Много лет назад мои знакомые попросили меня немного привести в порядок только что купленный ими дом, стоявший в старинном селе с жутким названием Небылое. Наверное, ради названия я и согласился. Я думал, что ничего лучше в национальных топонимах я уже не найду, и только раз и через много лет в другой, более дворянско-помещичьей части русских названий, в мемуарах Петра Щукина, нашел имение графов Гендриковых «Напрасное», составившее Небылому изящную пару. Но дело не в названиях. Это был не очень старый кирпичный дом послевоенной неаккуратной постройки, крыша текла, чердак мокрый, двор завален отходами кролиководства, в пристройке вывалились рамы – но это все ушло на второй план: упал забор. И я дней пять вкапывал столбы и ладил к ним длинные слеги рухнувших прясел, чтобы создать ограду – первым делом, раньше крыши. Не от кого в этом запустелом месте было отгораживаться и незачем, но иначе было нельзя. Животное древнее чувство заставило меня работать без перерыва. Топор был ничего, в хламе нашелся брусок, и я его хоть как-то вострил, а пила дрянь, оттого столбы не подровнять, и они высоченные. И на верхушки столбов, как головы врагов, пошли круглые по больше части битые чугунные горшки со двора – чтобы столбы не мокли. Я помню над забором безумную яркую луну, совершенно круглую и кричаще-белую, в ночь какого-то пятого дня, и забор, уже выставленный по квадрату – все. Огромное везде – за, но ограда есть, и можно успокоиться. Сломав себе ребро при перетаскивании бревен, но все ж отстроив границу между мной и Небылым. Я тут есть, короче если: Hier stehe Ich und kann nicht anders.
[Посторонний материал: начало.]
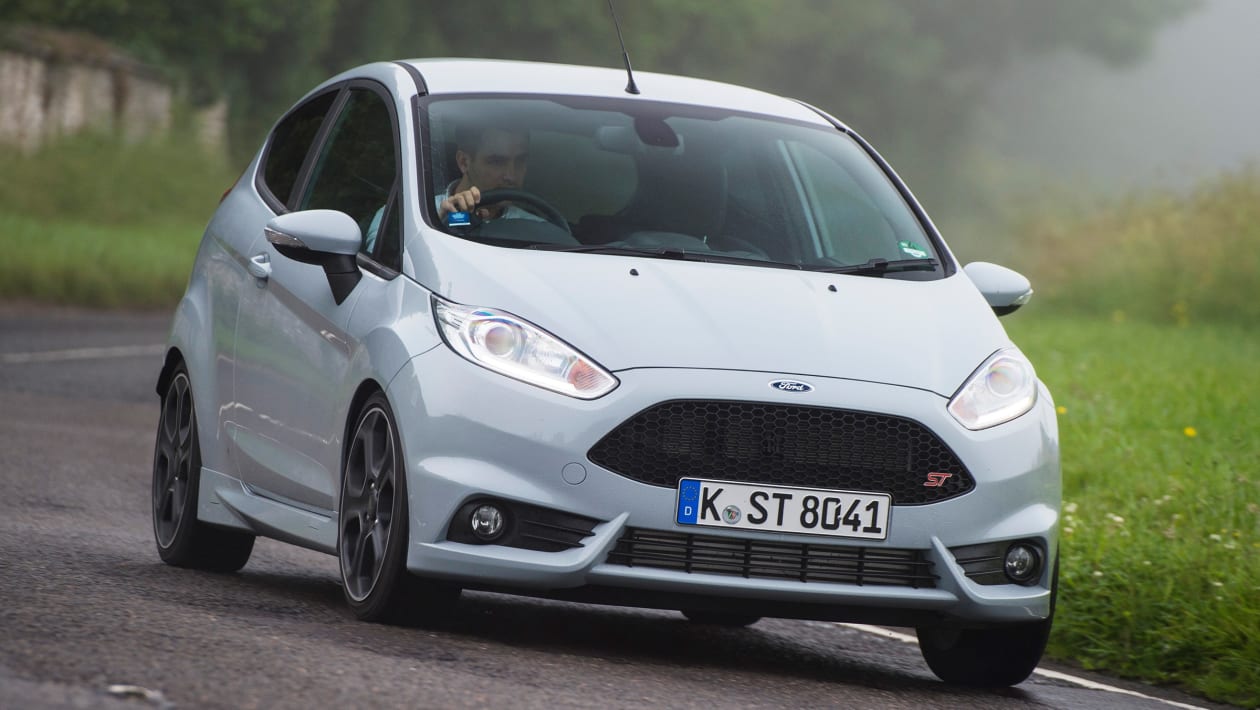 New Ford Fiesta ST200 2016 review Auto Express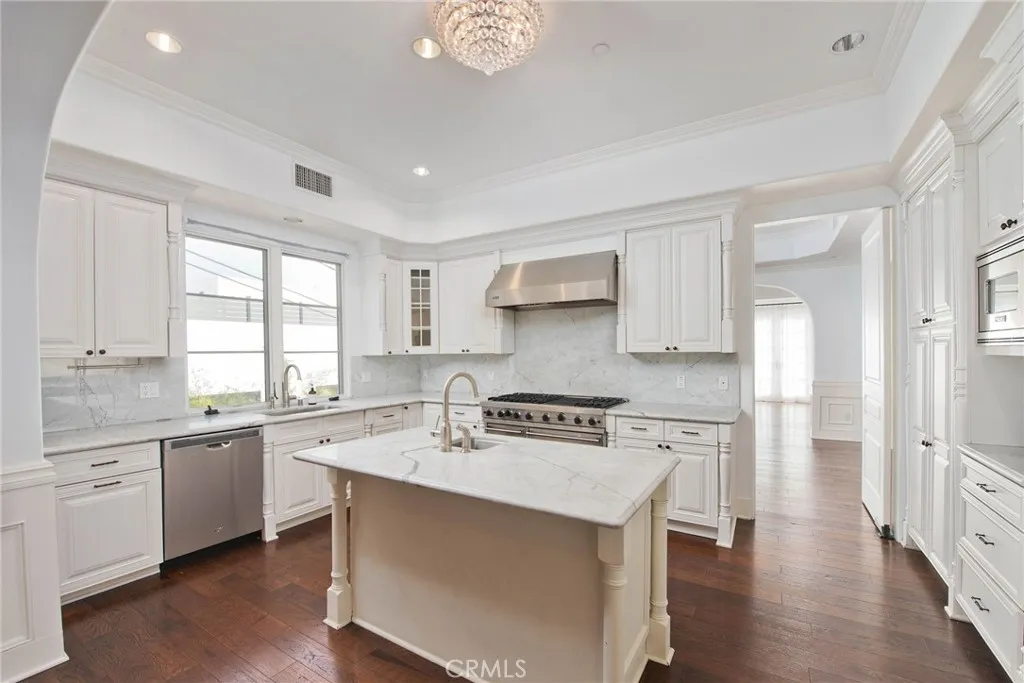 558 Hillgreen Drive 207, Beverly Hills, California 90212 home-pic-11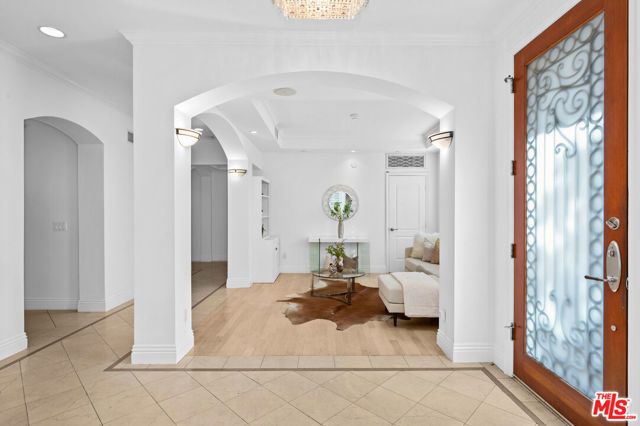 10935 Missouri Avenue B, Los Angeles, CA 90025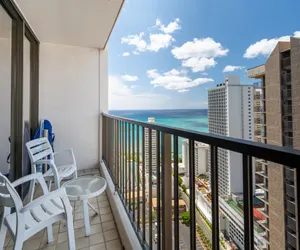 Photo 2 - Standard Ocean View Condo - 35th floor views, Free parking & Wifi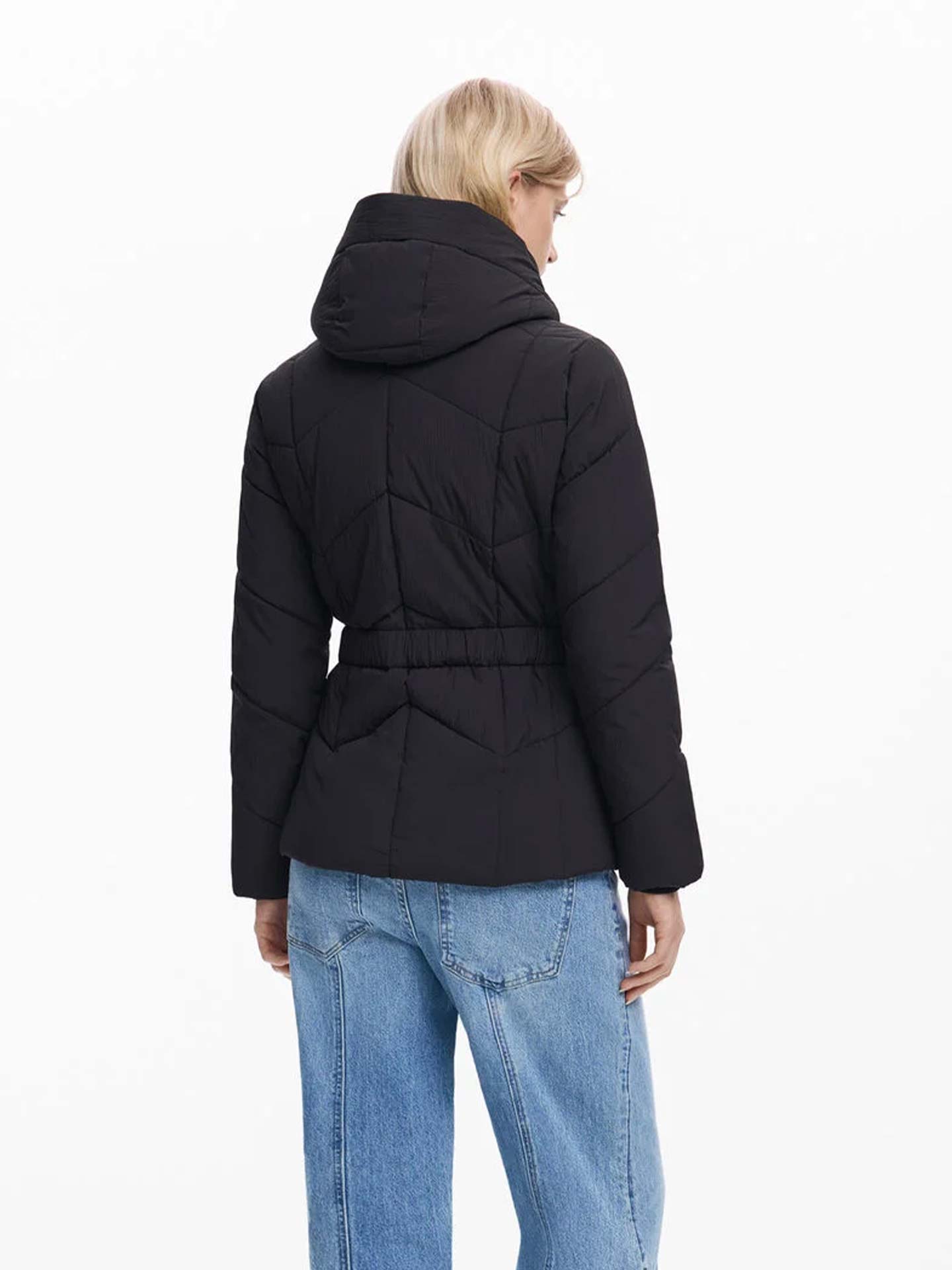 Blusão Acolchoado com Capuz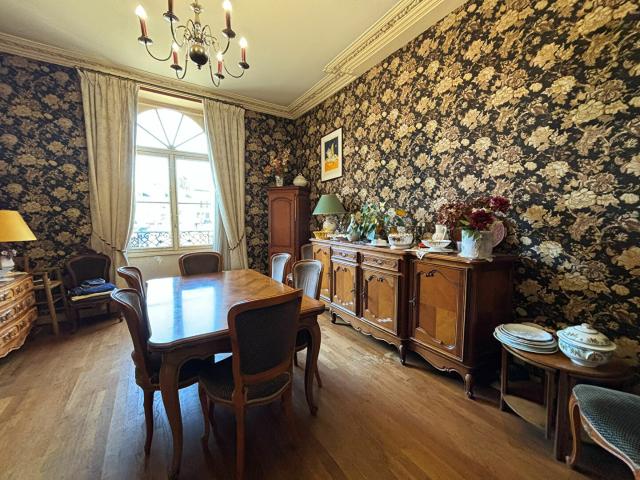 Maison 10 pièces 225 m²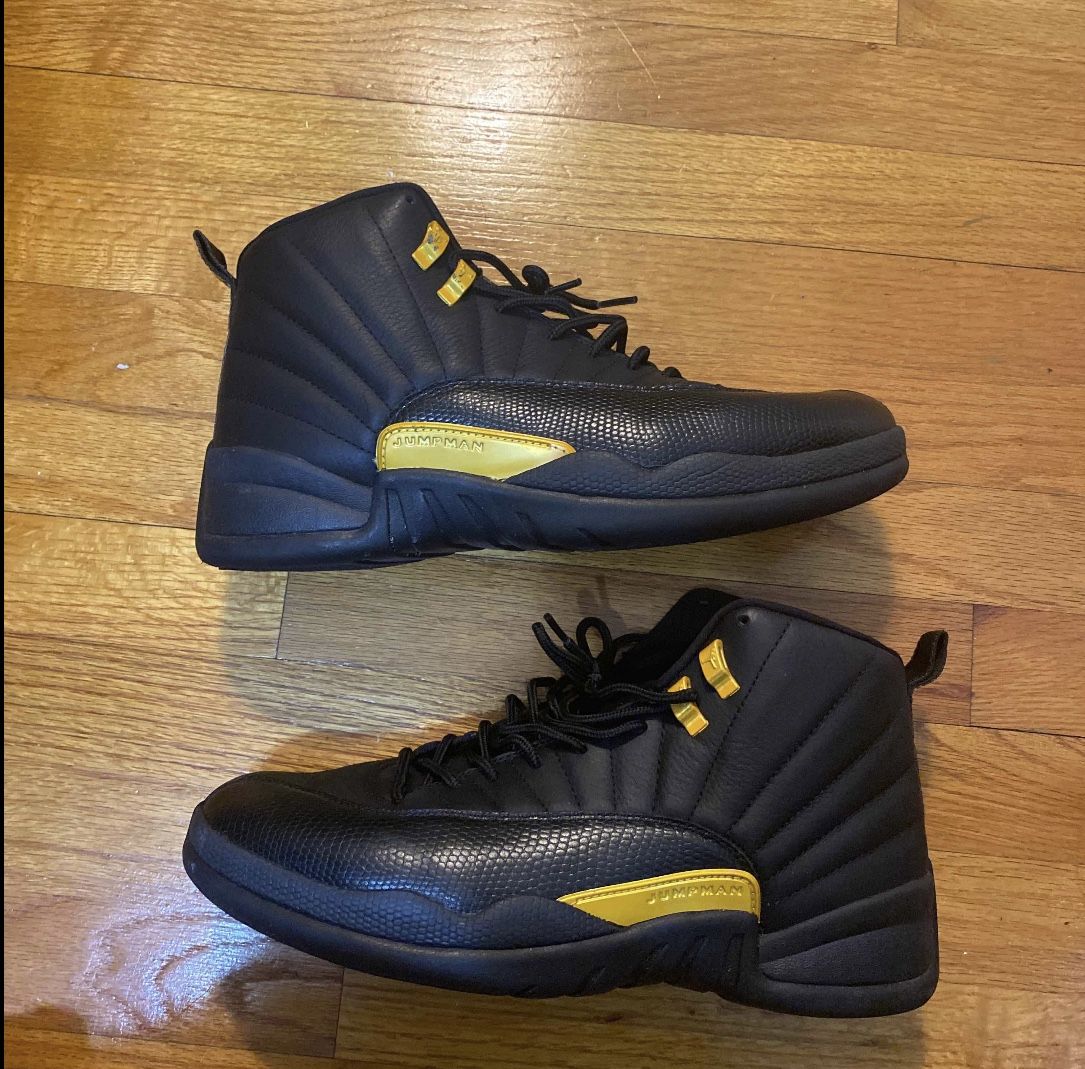 Jordan 12 Black Taxi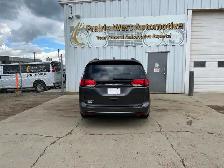 2017 Chrysler Pacifica Touring-L Plus 7 Passenger | No Accident - Photo 6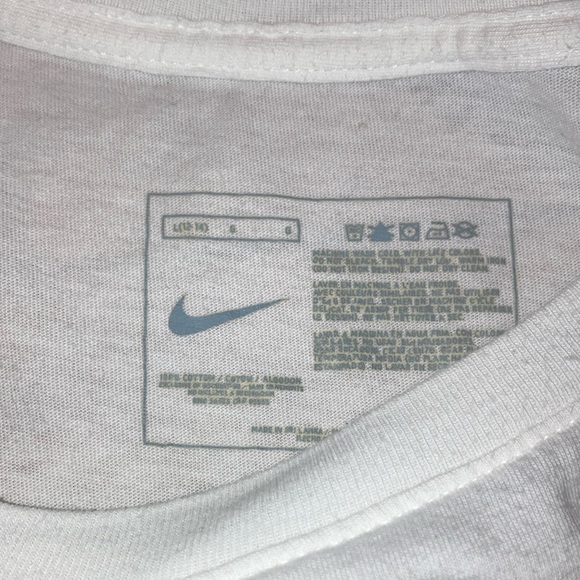 Nike Women’s Graphic T-Shirts Bundle of 4 tops- White, Purple, Pink, Teal - Picture 3 of 9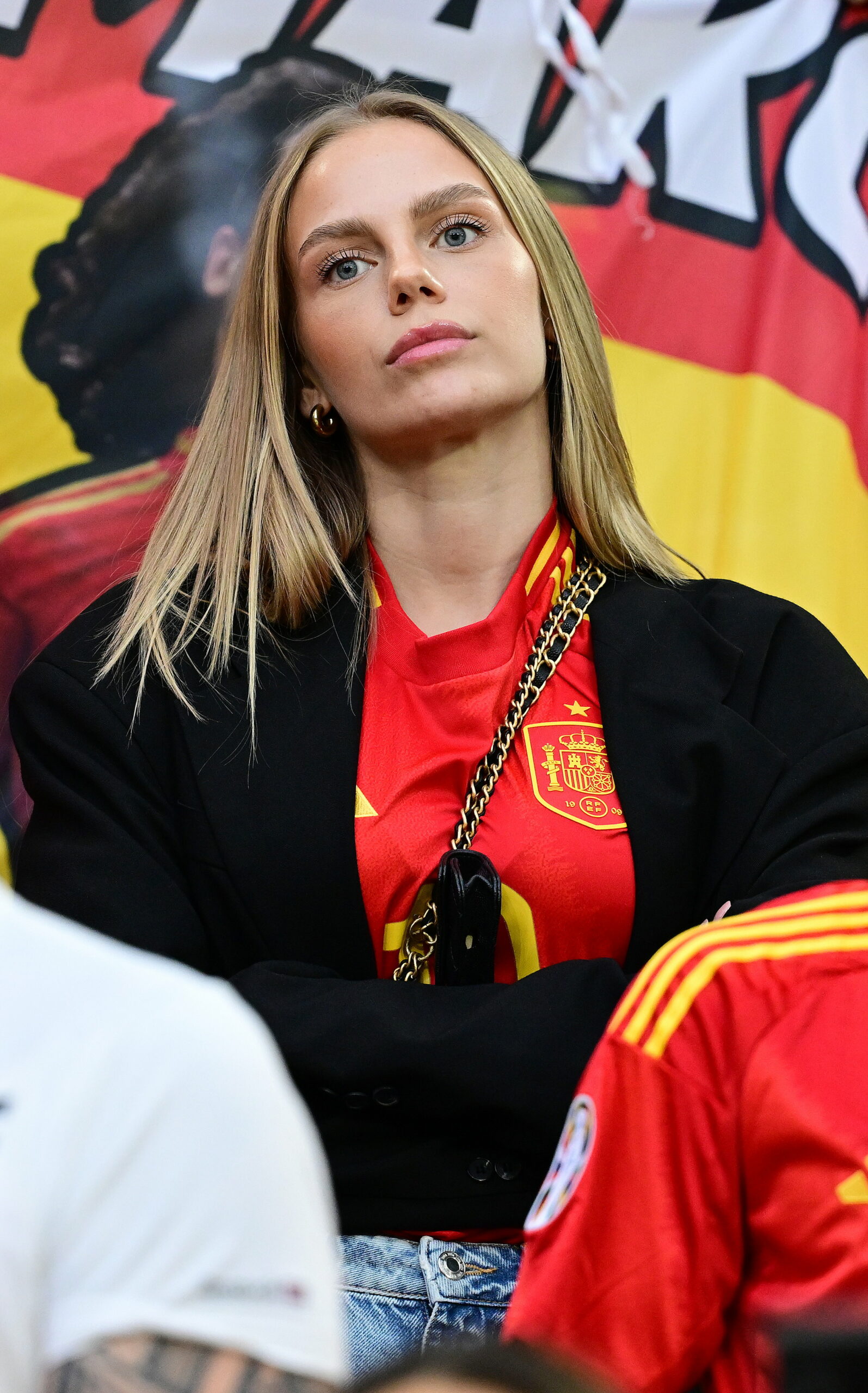 Laura Schmitt, Freundin von Dani Olmo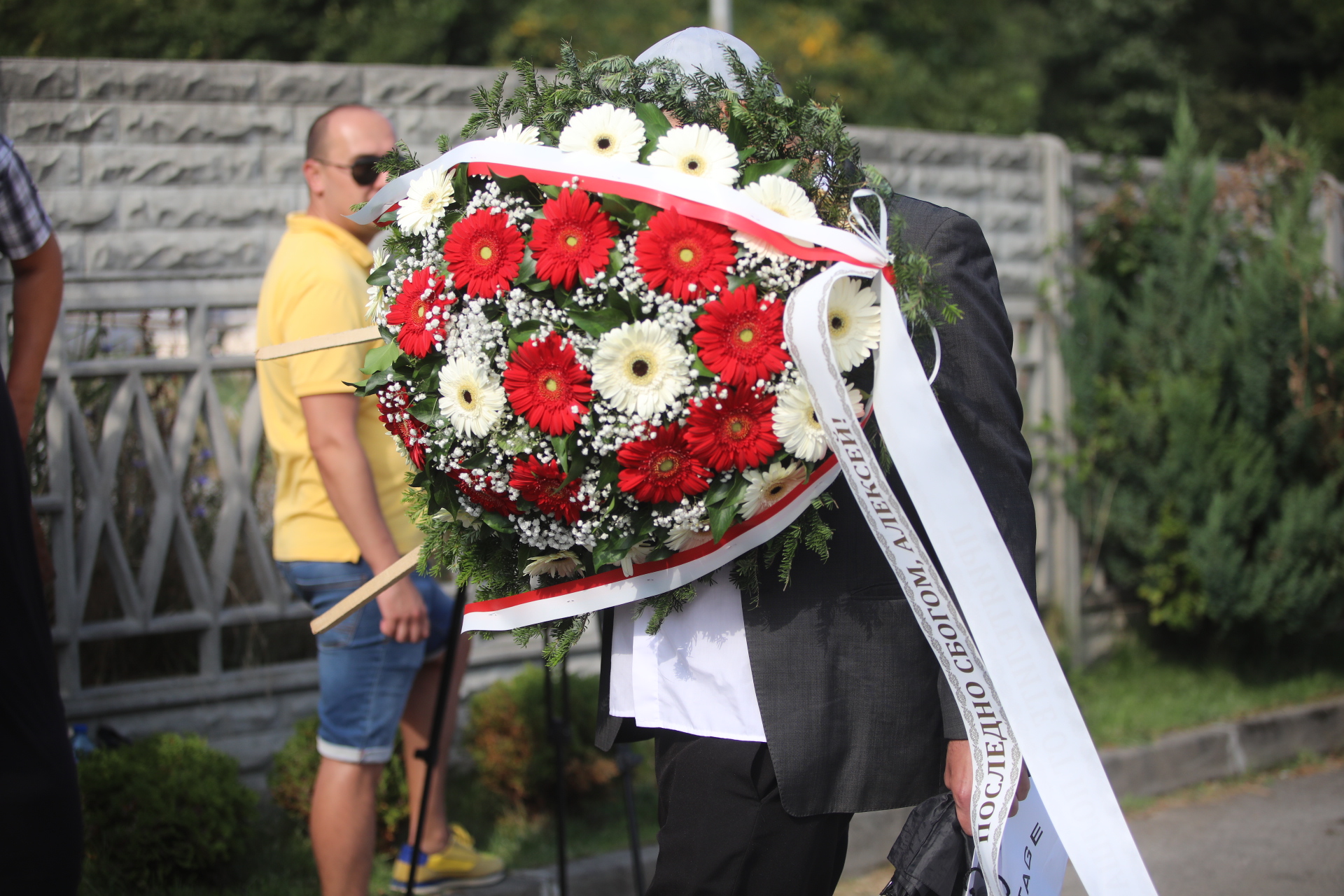 <p>Близки и познати изпращат Алексей Петров в последния му път. Поклонението е в Православен гробищен парк &quot;Св. Архангел Михаил&quot; в кв. &quot;Бояна&quot; в София</p>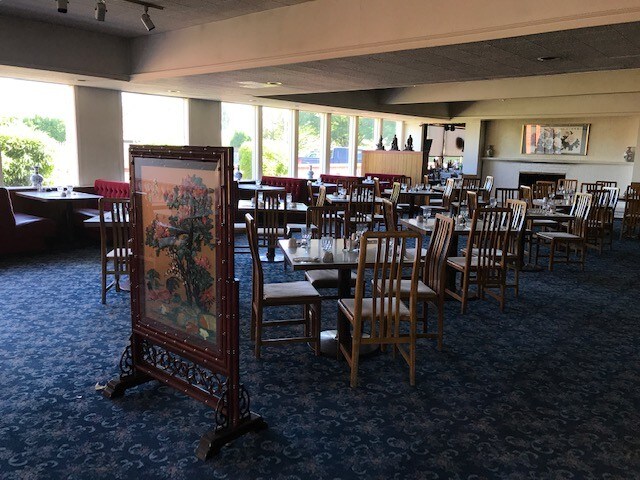 More Photos Of 2288 Country Club Rd, Woodburn Restaurant For Sale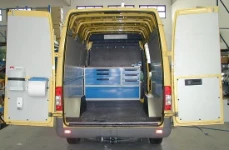 ARREDAMENTI VEICOLI COMMERCIALI SU MERCEDES SPRINTER  1996 L2 H2 11a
История соотношения круга и квадрата в первоначальных человеческих ориентациях слишком длинна и слишком очевидна, чтобы тут ее излагать. Можно припомнить всевозможные схемы, ориентированные на мандалу (слово само означает «круг» и «сообщество» на санскрите) – тибетскую икону, или древнейшие артефакты Индостана, или планировку индийских храмов – о чем-то мы еще поговорим. Но квадрат или квадраты в круге – это не только мандала, это магические печати Джона Ди, это диаграммы Бруно для вызова духов – и тут ясно, что квадрат более собственно человеческая форма, в отличие от космического круга, и их надо как-то сопоставить и даже соединить, чтобы сработало это короткое замыкание архетипов – различить и передать формы верхнего мира и отстоять, оградить в них (и даже от них!) себя. Конечно, тут остается неназванной и еще долгое время неприменимой к архитектуре последняя форма космического совершенства, предполагаемая кругом, – это сфера. Невидимо, но ощутимо она загадана в Пантеоне в Риме, в который идеально вписывается шар; видимо и идеологически явно – много позже, надо ждать Булле и Леду. Но ведь круг космоса – ну вспомнить если луккскую рукопись Liber divinorum operum Хильдегарды Бингенской – это всегда плоская проекция сферы, так что она загадана в любой круглой диаграмме, будь псалтирь Робера де Лилль, Rotshild Canticles или парижский Бревиарий Любви. В конце концов даже семь сефирот и таблицы Раймонда Луллия.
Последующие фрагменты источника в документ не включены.